**Required action:**
Every line of the entries below from the one containing "Male Judge lawyer" to the one containing "Rear view of couple walking through garden", both ends included, must be written out exactly. No other line belongs in the answer.

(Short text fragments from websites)
━━━━
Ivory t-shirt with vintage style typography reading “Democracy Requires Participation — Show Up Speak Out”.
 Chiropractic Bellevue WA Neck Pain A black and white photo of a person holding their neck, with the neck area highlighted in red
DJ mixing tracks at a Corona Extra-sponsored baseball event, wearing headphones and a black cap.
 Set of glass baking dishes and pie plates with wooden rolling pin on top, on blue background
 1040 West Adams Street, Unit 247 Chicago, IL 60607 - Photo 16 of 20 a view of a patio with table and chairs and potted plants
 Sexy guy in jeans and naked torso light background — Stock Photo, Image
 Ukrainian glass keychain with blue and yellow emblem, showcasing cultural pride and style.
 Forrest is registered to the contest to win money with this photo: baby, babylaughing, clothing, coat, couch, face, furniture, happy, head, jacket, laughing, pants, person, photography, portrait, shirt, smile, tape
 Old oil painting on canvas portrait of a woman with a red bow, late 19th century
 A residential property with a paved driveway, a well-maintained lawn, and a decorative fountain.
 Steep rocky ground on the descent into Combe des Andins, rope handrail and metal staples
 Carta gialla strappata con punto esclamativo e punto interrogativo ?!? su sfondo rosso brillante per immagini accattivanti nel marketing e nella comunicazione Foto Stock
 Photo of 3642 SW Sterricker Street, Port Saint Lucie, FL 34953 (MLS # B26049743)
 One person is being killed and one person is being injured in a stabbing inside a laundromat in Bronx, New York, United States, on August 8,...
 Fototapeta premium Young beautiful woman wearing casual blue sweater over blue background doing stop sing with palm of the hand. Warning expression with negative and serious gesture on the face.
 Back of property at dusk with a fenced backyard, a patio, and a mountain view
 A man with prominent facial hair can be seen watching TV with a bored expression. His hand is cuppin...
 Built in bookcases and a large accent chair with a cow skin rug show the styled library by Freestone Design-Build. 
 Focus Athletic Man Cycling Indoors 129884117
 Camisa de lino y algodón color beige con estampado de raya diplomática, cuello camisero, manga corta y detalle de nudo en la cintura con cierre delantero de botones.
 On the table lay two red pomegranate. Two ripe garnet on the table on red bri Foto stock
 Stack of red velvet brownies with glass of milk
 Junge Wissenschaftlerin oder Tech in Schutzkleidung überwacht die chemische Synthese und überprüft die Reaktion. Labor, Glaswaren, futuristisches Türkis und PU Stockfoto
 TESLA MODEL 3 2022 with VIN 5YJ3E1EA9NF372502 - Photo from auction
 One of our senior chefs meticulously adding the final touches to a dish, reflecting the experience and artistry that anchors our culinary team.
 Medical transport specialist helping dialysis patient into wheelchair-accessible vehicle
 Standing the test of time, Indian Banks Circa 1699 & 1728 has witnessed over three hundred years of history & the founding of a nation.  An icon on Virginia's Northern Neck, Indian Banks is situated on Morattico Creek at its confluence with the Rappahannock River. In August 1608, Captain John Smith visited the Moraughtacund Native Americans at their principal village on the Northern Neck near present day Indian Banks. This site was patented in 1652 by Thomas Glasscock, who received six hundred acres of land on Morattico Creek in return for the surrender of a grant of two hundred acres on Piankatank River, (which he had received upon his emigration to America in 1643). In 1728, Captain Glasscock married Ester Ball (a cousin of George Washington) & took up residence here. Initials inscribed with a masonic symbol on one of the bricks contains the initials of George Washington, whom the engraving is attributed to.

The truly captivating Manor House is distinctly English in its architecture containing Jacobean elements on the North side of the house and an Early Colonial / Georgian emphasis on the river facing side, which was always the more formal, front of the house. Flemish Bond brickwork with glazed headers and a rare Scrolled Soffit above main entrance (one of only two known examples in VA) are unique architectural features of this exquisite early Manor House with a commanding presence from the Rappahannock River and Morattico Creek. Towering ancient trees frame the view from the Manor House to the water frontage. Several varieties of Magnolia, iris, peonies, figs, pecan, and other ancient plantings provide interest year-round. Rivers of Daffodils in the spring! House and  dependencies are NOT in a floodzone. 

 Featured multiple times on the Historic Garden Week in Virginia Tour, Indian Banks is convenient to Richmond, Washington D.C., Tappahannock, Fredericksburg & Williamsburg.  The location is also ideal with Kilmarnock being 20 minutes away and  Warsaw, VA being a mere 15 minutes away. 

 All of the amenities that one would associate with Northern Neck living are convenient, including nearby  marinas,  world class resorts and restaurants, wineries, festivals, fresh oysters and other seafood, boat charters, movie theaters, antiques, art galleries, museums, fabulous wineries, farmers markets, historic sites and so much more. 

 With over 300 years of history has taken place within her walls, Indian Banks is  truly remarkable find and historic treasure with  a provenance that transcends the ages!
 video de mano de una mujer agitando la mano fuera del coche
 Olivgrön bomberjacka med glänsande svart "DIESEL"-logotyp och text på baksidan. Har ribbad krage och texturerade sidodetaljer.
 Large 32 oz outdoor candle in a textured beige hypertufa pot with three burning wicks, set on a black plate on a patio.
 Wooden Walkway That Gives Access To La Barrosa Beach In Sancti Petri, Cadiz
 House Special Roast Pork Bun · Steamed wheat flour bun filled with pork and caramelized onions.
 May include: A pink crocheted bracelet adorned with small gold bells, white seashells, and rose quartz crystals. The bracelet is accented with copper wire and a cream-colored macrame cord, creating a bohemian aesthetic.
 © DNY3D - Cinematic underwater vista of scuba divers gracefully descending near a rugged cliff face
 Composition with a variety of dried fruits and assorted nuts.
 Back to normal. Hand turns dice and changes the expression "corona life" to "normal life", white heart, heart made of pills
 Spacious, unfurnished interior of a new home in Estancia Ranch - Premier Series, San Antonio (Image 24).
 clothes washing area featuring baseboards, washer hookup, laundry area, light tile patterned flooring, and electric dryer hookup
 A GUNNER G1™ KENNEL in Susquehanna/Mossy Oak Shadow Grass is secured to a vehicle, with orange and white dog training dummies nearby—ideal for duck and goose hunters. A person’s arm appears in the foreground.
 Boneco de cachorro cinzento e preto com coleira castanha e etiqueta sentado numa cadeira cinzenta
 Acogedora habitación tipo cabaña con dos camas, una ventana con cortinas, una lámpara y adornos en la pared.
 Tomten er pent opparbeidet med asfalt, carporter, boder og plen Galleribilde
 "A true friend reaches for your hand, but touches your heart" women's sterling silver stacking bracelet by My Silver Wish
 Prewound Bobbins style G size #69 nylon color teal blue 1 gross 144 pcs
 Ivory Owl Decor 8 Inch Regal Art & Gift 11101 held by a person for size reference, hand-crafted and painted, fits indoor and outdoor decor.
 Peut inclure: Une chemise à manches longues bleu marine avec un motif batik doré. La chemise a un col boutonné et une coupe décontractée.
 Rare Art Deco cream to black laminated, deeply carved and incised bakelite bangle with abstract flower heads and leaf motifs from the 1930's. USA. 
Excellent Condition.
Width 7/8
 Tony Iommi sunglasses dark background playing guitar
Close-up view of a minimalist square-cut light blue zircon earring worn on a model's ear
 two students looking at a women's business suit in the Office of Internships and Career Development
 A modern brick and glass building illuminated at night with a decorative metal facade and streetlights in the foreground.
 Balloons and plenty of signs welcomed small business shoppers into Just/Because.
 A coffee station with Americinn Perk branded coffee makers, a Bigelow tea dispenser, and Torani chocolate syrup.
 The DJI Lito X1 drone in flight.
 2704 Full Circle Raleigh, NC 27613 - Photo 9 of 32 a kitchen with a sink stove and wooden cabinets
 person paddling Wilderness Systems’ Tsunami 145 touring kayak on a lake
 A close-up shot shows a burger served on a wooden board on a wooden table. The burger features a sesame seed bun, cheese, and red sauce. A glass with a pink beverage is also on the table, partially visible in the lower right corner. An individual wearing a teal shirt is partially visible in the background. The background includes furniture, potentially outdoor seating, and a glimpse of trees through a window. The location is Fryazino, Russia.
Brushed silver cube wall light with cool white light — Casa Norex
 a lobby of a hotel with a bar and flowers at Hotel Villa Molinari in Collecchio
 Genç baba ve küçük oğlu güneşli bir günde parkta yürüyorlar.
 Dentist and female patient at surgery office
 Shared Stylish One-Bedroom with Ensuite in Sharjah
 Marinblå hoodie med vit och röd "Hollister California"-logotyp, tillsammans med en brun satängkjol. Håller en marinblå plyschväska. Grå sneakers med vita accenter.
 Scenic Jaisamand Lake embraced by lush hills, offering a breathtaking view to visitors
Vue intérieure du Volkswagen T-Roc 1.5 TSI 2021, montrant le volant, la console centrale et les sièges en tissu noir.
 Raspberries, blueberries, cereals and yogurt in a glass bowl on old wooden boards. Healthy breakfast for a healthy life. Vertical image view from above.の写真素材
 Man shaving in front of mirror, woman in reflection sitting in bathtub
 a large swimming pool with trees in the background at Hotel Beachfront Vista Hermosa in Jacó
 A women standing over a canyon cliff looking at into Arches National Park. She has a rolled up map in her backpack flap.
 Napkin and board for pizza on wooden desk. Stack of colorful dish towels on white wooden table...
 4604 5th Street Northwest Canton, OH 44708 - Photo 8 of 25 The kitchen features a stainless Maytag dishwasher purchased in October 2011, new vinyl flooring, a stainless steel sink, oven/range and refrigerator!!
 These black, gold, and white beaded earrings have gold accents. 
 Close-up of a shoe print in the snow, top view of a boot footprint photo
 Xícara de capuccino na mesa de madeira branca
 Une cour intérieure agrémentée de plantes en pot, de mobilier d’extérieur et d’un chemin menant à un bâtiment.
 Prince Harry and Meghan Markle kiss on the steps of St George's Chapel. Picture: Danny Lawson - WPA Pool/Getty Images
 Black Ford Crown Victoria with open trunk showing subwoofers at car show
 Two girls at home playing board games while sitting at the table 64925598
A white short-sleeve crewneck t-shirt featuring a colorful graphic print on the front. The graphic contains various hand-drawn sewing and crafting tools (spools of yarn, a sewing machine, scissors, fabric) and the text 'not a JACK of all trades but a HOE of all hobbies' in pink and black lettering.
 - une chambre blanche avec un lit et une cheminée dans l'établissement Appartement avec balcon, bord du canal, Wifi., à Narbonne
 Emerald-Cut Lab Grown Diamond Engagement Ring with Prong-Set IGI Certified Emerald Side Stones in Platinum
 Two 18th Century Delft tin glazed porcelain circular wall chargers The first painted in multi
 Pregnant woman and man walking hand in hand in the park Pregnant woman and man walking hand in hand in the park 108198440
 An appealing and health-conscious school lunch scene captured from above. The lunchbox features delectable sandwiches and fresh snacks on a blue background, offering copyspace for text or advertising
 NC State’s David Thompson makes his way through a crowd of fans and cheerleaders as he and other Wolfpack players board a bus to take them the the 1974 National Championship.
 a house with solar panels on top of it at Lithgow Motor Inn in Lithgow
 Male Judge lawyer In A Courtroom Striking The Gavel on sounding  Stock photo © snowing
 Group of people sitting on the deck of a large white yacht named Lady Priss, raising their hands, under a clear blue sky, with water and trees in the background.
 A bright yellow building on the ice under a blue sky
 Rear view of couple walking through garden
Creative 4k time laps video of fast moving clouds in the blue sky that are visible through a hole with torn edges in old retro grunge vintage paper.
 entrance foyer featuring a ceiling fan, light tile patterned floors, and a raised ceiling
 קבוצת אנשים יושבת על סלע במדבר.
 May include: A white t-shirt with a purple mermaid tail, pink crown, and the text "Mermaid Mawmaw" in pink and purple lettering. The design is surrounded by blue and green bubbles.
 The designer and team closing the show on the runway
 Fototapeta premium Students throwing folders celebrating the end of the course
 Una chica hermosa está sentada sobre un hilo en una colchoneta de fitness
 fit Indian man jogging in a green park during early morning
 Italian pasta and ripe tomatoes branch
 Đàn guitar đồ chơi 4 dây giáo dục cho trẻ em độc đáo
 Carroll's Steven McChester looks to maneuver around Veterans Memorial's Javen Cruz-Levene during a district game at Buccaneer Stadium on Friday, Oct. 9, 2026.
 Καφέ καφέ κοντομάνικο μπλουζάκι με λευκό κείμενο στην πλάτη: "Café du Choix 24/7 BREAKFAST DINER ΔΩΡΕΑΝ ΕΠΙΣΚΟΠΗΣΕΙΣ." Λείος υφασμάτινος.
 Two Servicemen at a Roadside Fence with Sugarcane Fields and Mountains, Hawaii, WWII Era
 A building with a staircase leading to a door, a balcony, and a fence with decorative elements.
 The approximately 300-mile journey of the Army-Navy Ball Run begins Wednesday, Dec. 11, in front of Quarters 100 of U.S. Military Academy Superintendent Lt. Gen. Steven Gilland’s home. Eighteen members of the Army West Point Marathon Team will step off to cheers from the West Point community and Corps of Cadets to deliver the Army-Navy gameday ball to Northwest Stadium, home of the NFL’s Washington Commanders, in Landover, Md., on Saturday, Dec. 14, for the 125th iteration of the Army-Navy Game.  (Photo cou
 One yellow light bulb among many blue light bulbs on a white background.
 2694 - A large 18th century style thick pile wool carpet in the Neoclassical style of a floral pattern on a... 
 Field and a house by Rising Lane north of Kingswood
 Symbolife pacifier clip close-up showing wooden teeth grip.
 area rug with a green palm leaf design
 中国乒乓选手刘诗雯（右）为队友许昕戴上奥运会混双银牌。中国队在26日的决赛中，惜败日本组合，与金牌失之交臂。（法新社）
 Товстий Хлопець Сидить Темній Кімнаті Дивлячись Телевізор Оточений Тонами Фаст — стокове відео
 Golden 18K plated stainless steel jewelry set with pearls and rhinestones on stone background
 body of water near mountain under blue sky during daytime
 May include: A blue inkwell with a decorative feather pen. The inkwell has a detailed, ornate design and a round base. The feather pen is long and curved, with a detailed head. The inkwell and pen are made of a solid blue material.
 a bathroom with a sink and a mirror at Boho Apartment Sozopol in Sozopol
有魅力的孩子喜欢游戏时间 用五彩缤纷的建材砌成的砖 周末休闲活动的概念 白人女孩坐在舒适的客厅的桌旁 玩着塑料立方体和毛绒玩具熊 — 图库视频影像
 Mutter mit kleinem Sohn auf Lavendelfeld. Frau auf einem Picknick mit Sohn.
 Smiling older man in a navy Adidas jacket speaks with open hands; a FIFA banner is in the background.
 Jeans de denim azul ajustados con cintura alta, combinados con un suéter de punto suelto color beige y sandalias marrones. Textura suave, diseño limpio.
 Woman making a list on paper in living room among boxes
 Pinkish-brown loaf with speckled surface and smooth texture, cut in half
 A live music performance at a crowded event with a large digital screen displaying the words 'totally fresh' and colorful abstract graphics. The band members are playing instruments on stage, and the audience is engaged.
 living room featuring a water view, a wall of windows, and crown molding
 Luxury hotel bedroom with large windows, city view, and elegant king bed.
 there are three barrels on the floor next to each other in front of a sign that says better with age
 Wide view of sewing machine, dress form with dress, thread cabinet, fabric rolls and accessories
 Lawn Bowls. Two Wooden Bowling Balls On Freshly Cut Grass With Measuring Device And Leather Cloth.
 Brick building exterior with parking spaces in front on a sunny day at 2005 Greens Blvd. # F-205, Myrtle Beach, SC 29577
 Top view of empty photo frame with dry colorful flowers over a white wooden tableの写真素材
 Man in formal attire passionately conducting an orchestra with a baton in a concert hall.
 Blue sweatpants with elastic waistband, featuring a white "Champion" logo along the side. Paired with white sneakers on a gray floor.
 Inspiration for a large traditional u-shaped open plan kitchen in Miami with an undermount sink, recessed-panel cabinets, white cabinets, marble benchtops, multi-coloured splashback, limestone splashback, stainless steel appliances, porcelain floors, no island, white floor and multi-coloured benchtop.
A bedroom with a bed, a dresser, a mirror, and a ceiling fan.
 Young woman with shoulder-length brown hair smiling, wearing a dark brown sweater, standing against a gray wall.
━━━━
**Final answer:**
 Male Judge lawyer In A Courtroom Striking The Gavel on sounding  Stock photo © snowing
 Group of people sitting on the deck of a large white yacht named Lady Priss, raising their hands, under a clear blue sky, with water and trees in the background.
 A bright yellow building on the ice under a blue sky
 Rear view of couple walking through garden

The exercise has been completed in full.